Image description: A hand is holding a tarot card, Two of Swords by Pamela Colman Smith from the Rider-Waite-Smith Tarot. Behind the card is green grass and the edge of a wooden fence. In the card, a person dressed in gray with a blindfold on and yellow shoes is seated on a concrete block holding two large swords, crossed over their chest. There is water behind them, and a crescent moon.
I’ve been asked twice in the last several weeks how I work with and think about synchronicity. The truth is I really don’t.
The prefix ‘synch’ suggests sameness in a way that feels at odds with my interest in difference. Difference as in philosopher Kelly Oliver’s notion of love:
“Love is…an ethics of otherness that thrives on the adventure of otherness [and] requires a commitment to the…nurturing of difference.”
I’m less interested in the accordance of rhythms, and more in what happens when two beats are playing at the same time and clashing.
So I haven’t been working much with the idea of synchronicity. But I have been working with the idea of intensity, which feels related.
Intensity is the name we give for the tension that happens when contradictory forces confront one another, and no one dominates or submits.
Intensity yields potential. It’s a quality from which something miraculous can happen. Something never before seen. Something that could not have happened if one force took over and the other gave way.
(I’m drawing from—and oversimplifying—the work of philosopher Brian Massumi.)
Potential is an interesting thing, too.
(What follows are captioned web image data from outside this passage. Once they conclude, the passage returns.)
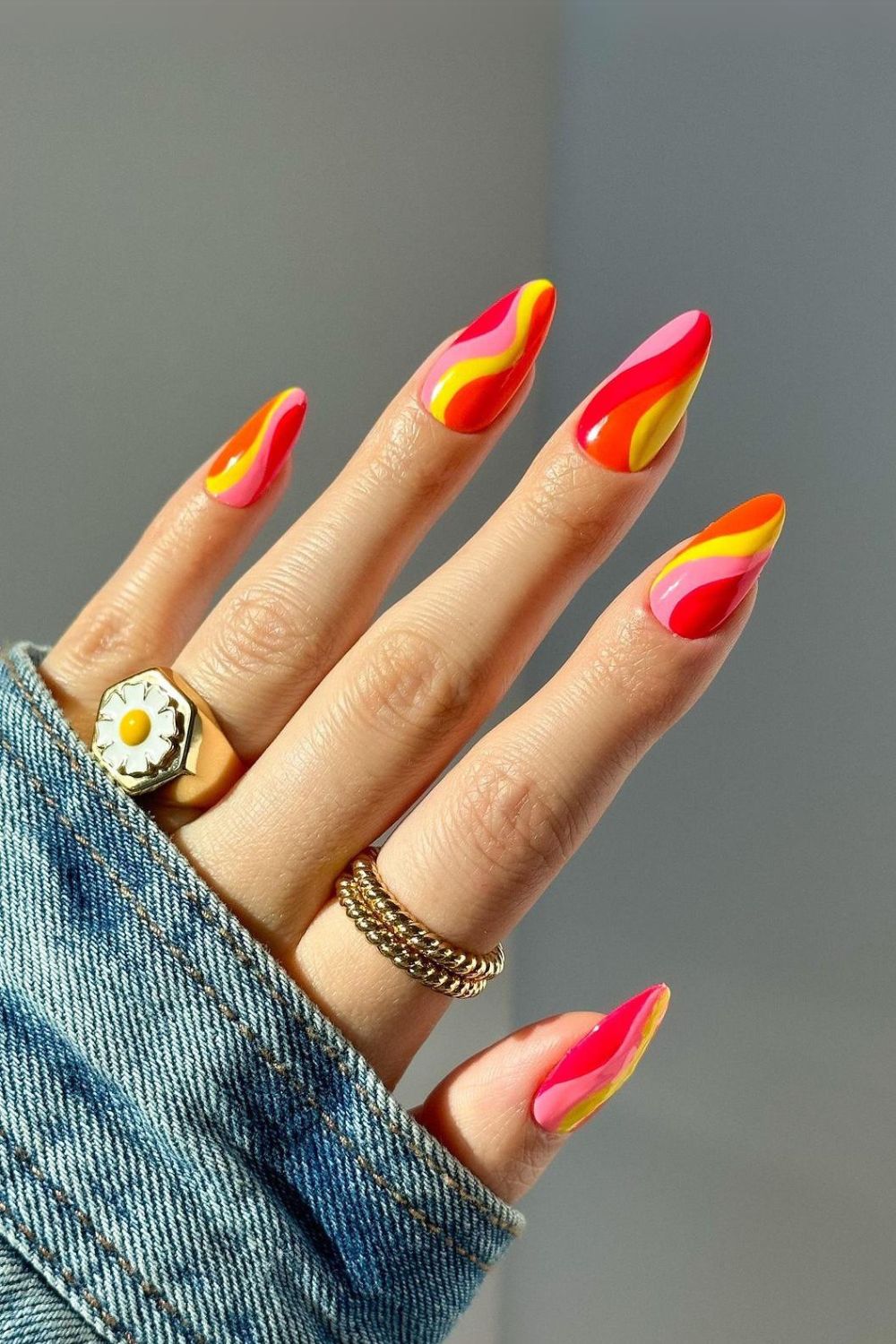 Neon nails with sunset colored swirls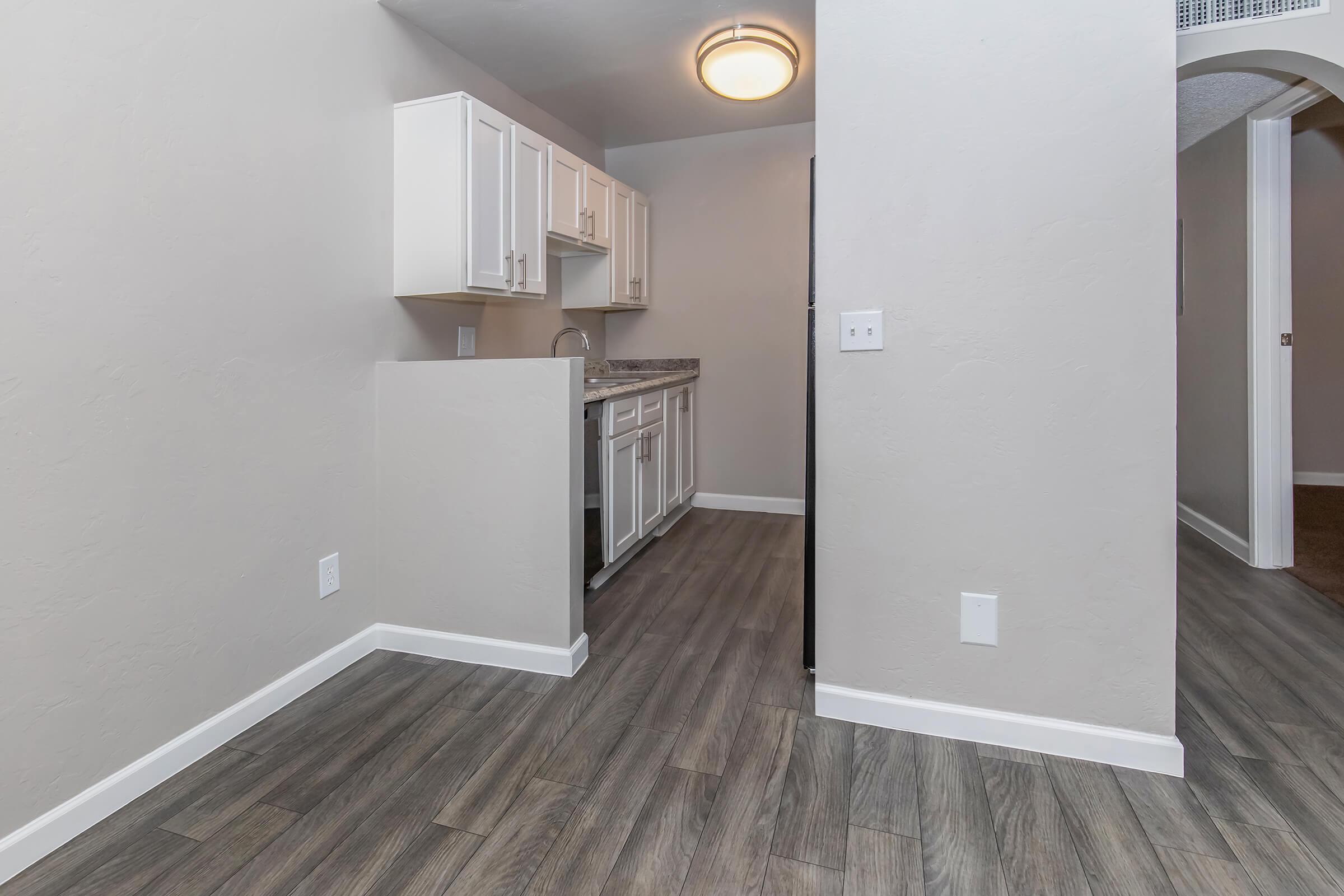A residential kitchen area featuring white cabinets, a granite countertop, and a modern light fixture. The flooring is a wood-like texture, and the walls are a neutral shade. Part of the open layout is visible, leading to another room in the background.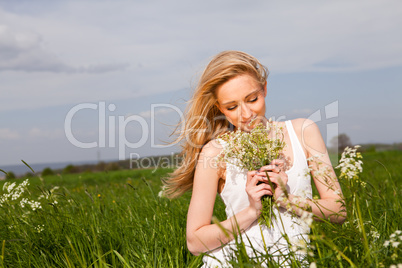 beautiful blonde woman outdoor in summer happy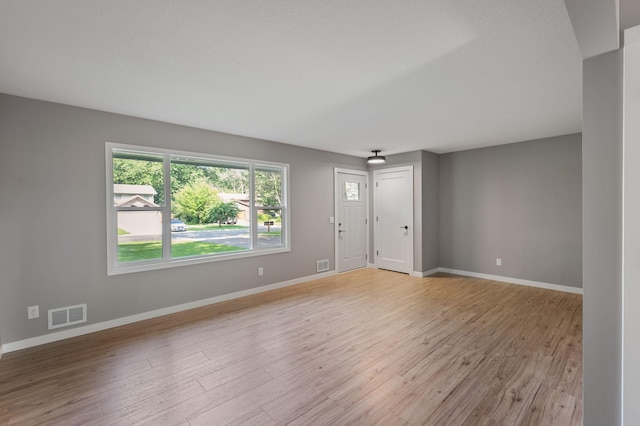 11632 Utah Ave N, Champlin, MN 55316 - spare room featuring light wood-type flooring and baseboards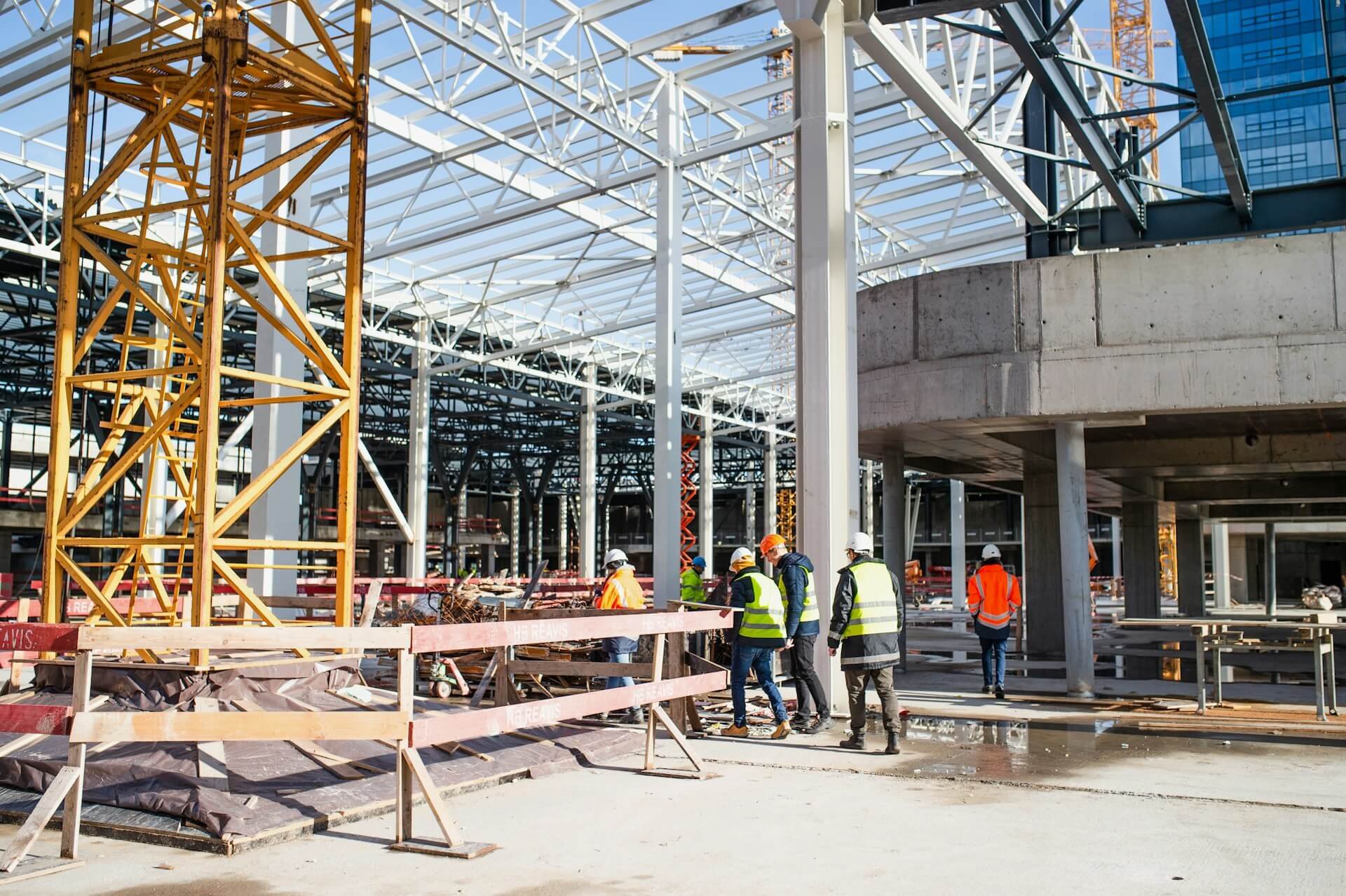 Construction site with workers wearing safety gear, metal framework, a large yellow tower crane, and an unfinished building structure.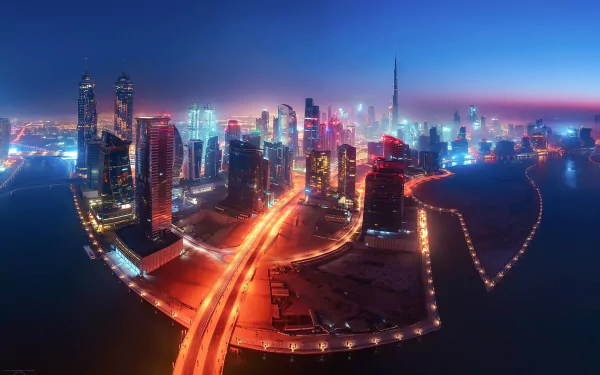A stunning nighttime view of Dubai’s illuminated skyscrapers and cityscape in the United Arab Emirates, captured in high definition with vibrant city lights.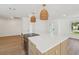 Spacious kitchen island features a flat cooktop, white countertops, modern wicker light fixtures, and wooden cabinets at 2650 E Vina Del Mar Blvd, St Pete Beach, FL 33706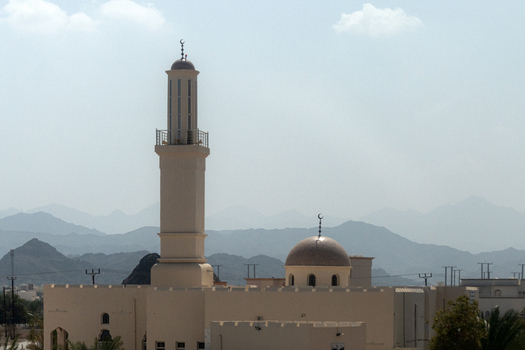 View of a mosque featuring a tall minaret and a central dome set against a backdrop of rugged mountains in Muscat Muscat Governorate Oman. View of a mosque featuring a tall minaret and a central dome set against a backdrop of rugged mountains in Muscat Muscat Governorate Oman.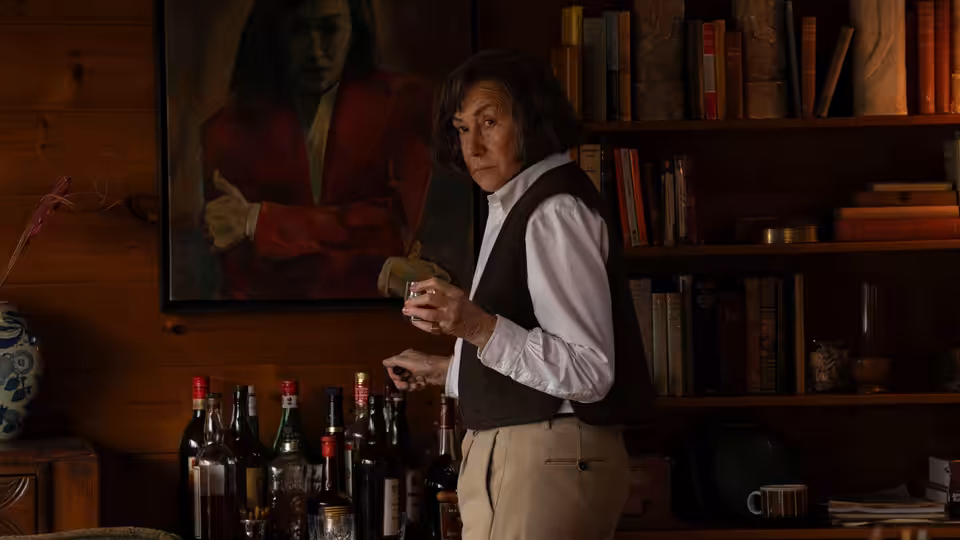 Patricia Highsmith (Helen Mirren) stands in a wood-paneled library, holding a drink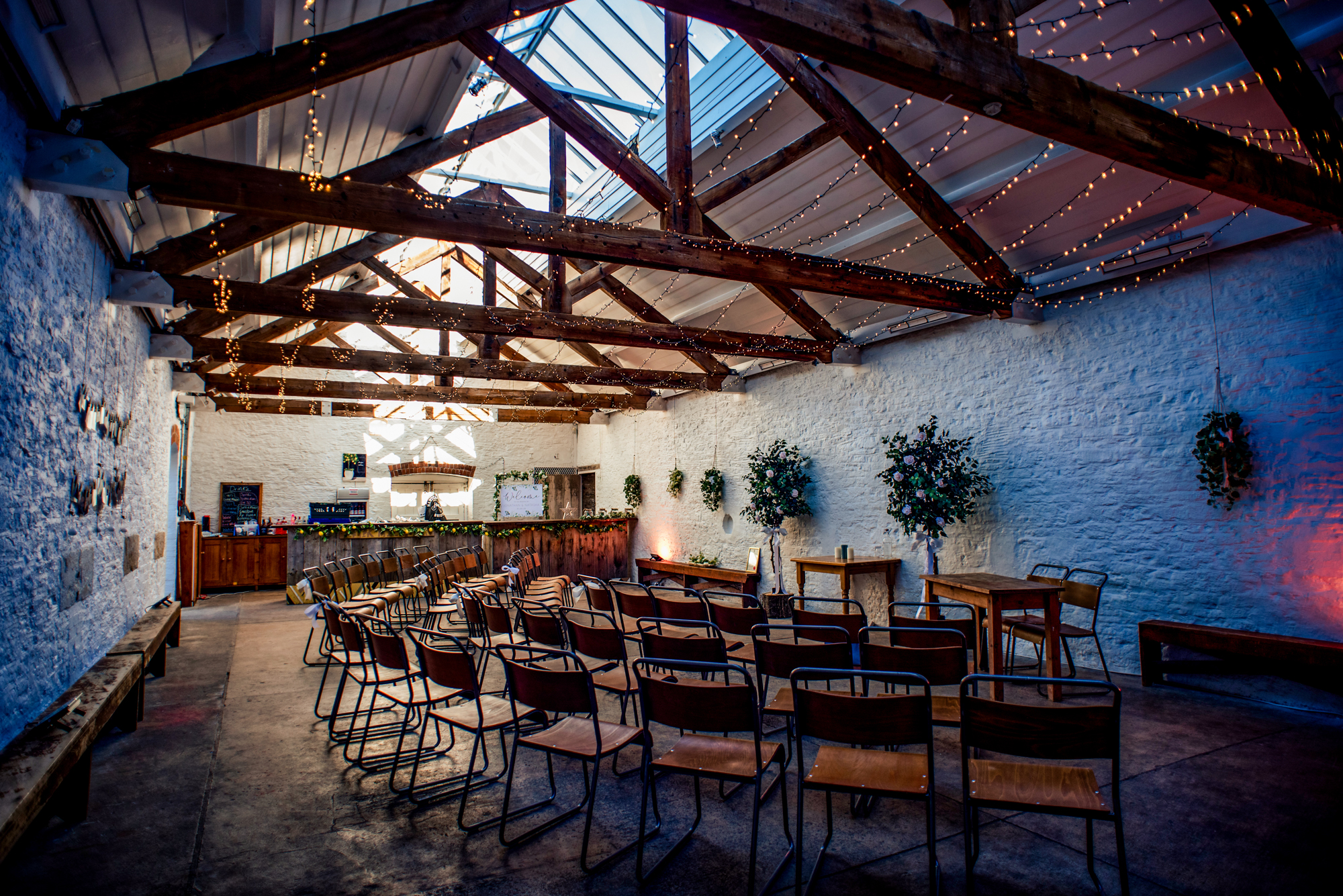 Wide view of the ceremony room at Silk Mill Studios with skylights, fairy lights, and rustic seating.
It has roots in words that mean “to stretch.” When I feel stretched in some way, I often say “it’s intense.”
I think these ideas can be useful when thinking about the intensity of big feelings.
Big feelings are often born from the confrontation of forces.
A need to be seen clashes with an unresponsive environment.
A force of degradation descends upon something indisputably precious.
These encounters often generate intense feelings.
I’ve been considering collaboration a lot lately too, and have found these ideas about intensity and potential useful. Collaboration is also a meeting of forces and—to the degree no one is dominating or submitting—can also be quite intense.
Collaboration involves doing work together, across and with difference.
Ideally space is made for all involved so that collaboration is like love; an adventure in otherness. Collaboration might even be a synonym for love, if we view love as an action.
This week in I pulled Two of Swords.
In the Thoth deck, Two of Swords is called Peace, which might seem a quintessential “other” of intensity.
In fact the card depicts the confrontation of forces—two swords crossing—and an intensity that occurs there.
The artist Freida Harris marked that point of intensity with a blue rose. An oddity. Something never before seen.
For Brian Massumi, potential exists in a realm where “what are normally opposites coexist, coalesce, and connect.” Intensity and potential are related.
At the point of tension where we bump up against difference there’s potential to stretch in new ways.
To bloom into something, other than what we have been.